Okasan is licensed under the Securities and Futures Ordinance to carry out Type 1 (dealing in securities) and Type 4 (advising on securities) regulated activities.
Acting perhaps on a tip-off, the SFO descended on it in October 2013 and began a review of its business practices that quickly focused on its policies and procedures in connection with its business of distributing unlisted investment products and providing investment advice about them.

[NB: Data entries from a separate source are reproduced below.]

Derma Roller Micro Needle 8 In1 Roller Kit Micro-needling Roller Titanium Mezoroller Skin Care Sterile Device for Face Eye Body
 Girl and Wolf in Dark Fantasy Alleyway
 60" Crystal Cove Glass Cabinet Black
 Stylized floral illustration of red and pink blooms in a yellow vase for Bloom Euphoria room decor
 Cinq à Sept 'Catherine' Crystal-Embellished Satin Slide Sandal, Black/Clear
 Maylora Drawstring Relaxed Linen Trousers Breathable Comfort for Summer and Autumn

According to Okasan's own figures, between January and September 2013 (the SFC follows British practice and calls this the 'relevant period') the company executed 51 transactions in relation to unlisted investment products for its retail/HNW clients, of which 29 transactions involving 21 clients were buy transactions solicited by Okasan, and 12 transactions involving 11 clients were sell transactions solicited by Okasan.
"Product due diligence"
The regulator's "statement of disciplinary action" contains no definition of the phrase "ensuring/conducting due diligence" that it likes to use, nor do its rules. Its "Code of Conduct for Persons Licensed by or Registered with the SFC" has a section called 'diligence' (but not, rather confusingly, 'due diligence') in which it states that 'diligence' (apart from the literal function of being vaguely diligent in an unspecific way, which it alludes to in a couple of subsections) consists of taking "all reasonable steps to execute promptly (sic) client orders," executing clients' orders on the best available terms, allocating transactions executed on behalf of clients promptly and fairly to the accounts of those clients, not withdrawing or withholding clients' market orders or limit orders for one's own convenience, the prompt collection of margin dues from clients, the keeping of separate accounts for clients, the monitoring of compliance with reporting limits, order recording, acting in the best interests of the client, and not offering gifts while promoting products. There is no clue as to which of these meanings this oft-repeated phrase might touch on.
The SFC, despite its mysterious lexicon, definitely found fault with Okasan's written policy for "conducting product due diligence." It generated yet more mystery, however, by inferring in its "statement of disciplinary action" that it did not know whether Okasan was following a written policy or a written procedure, or both, in its botched attempts to do this job. The mysterious phrase in question is "Okasan did not have adequate written policy and/or procedures."
Okasan also did not have any standard mechanism for evaluating investment products, preferring instead to ask product issuers about the structure of the investment products, how they worked, the nature of the underlying investments, the inherent risk, and the reputation/credit risk that the product issuers were facing. It kept no records other than the 'product offer sheets,' which only recorded information from the bookrunners or information to be found in the prospecti and on Bloomberg. There was no record of any verification, of enquiries Okasan made about the products; or its criteria for selecting the products for distribution to its clients.
Okasan’s managing director said that when the firm was deciding whether to market an investment product to its clients, its most important consideration was the product's credit rating. The regulator thought that this was at the expense of risk return profiles, prospects for growth, the products' liquidity, their past performance, the experience and reputation of the product issuers, the fees and charges, etc.
Unsuitability
The SFC also punished Okasan for not asking its clients for enough information about their investment horizons and risk appetites. It did not even collect information about their financial situations, investment experiences and investment objectives in some cases. It therefore broke General Principle 2, paras 3.4 and 5.2 of the aforementioned code of conduct.